Generated by Claude Code

phacops and others added 7 commits March 5, 2026 12:04
Add a new SummingMergeTree-based storage for co-occurring attributes
that includes a count column for proper deduplication via key_hash.
The v2 storage is gated behind a `use_co_occurring_attrs_v2` feature
flag. Also simplify result row parsing in the attribute names endpoint.

Co-Authored-By: Claude <noreply@anthropic.com>

Agent transcript: https://claudescope.sentry.dev/share/yM8dAMnfR-nHQ6Z7BKDQd12ih3FsVPMAzgudpbFlskw
Master picked up 0054_fix_bools_in_autocomplete; bump this one to 0055
to resolve the duplicate migration number.

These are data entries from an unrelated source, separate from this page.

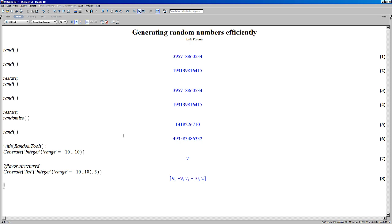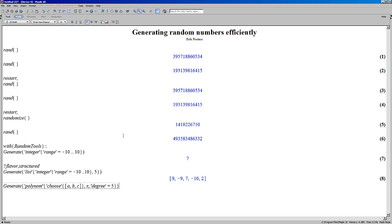Here's another example: you can generate a polynomial. First you give the flavor used for the coefficients — so maybe each coefficient can be either a, b, or c. Then you give the variable and specify the degree. And there we have a fifth-degree polynomial.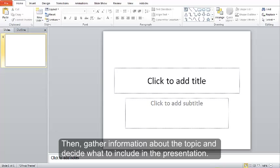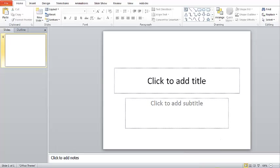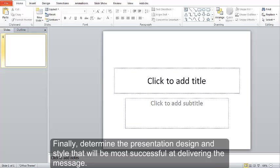Then, gather information about the topic and decide what to include in the presentation. Finally, determine the presentation design and style that will be most successful at delivering the message.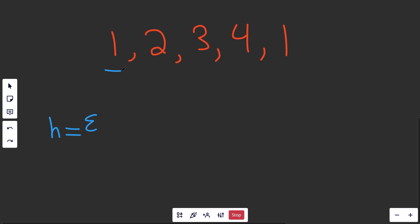So we go through the first number and we say, is this in our hash set? No, it's not, so we're going to put it in there. We'll look at the next number and say, is this in the hash set? No, it's not. Okay, we'll put it in there.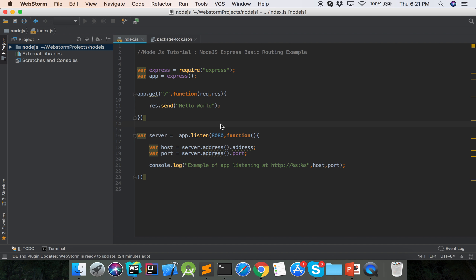Hello viewers, welcome to Node.js tutorial. Today I will show the example of basic routing of Node.js. Last tutorial we showed the hello world of Node.js, now I will describe about Node.js basic routing here.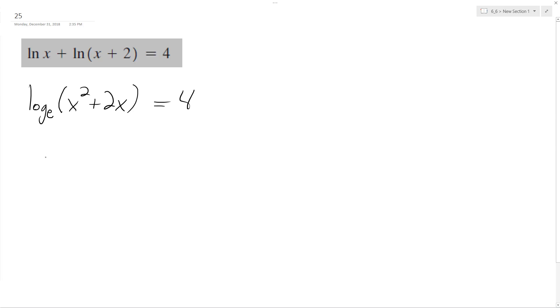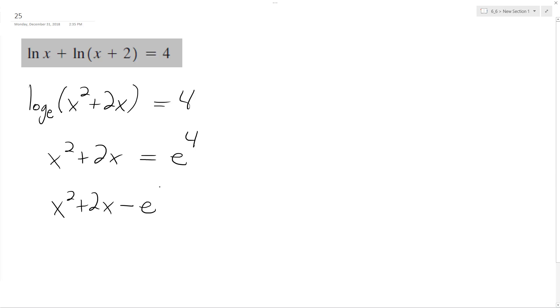Rewriting this, we get x squared plus 2x is equal to e raised to the 4. So x squared plus 2x minus e raised to the 4 equals 0.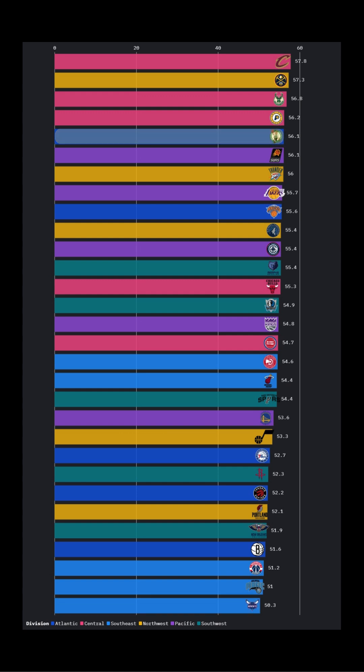In the Atlantic Division, the Boston Celtics led with 56.1%, while the Atlanta Hawks topped the Southeast Division with 54.6%, rounding out the Eastern Conference leaders.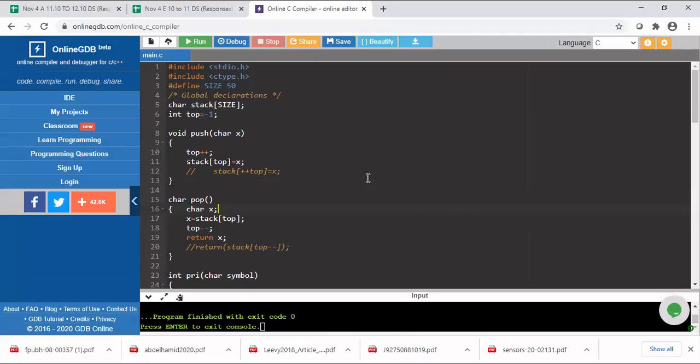Good afternoon. In today's class we are going to write the program for converting an infix expression into postfix.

Co-Authored-By: Claude Opus 4.7 (1M context) <noreply@anthropic.com>

Agent transcript: https://claudescope.sentry.dev/share/3bKJJo4cpTu-irMjftAcw6rYLjZEJsxUtHC2hucYt6s
Bring the branch up to date with master and narrow it to just the new
co-occurring attributes storage:

- Renumber the migration 0055 -> 0059 (0055-0058 are now taken on master).
- Drop the endpoint changes (the `use_co_occurring_attrs_v2` flag and the
  storage switch). The v2 SummingMergeTree table with the `count` column is
  landed as groundwork only; the attribute-names endpoint continues to read
  the existing storage. Wiring the endpoint to read v2 (and sort by
  sum(count)) will be a follow-up.

Refs EAP-432
…on number

Resolve the conflict from merging master into the co-occurring attrs v2
work by renumbering the migration from 0059 to 0061 (0059 and 0060 are
now taken on master), which keeps migration numbers strictly increasing.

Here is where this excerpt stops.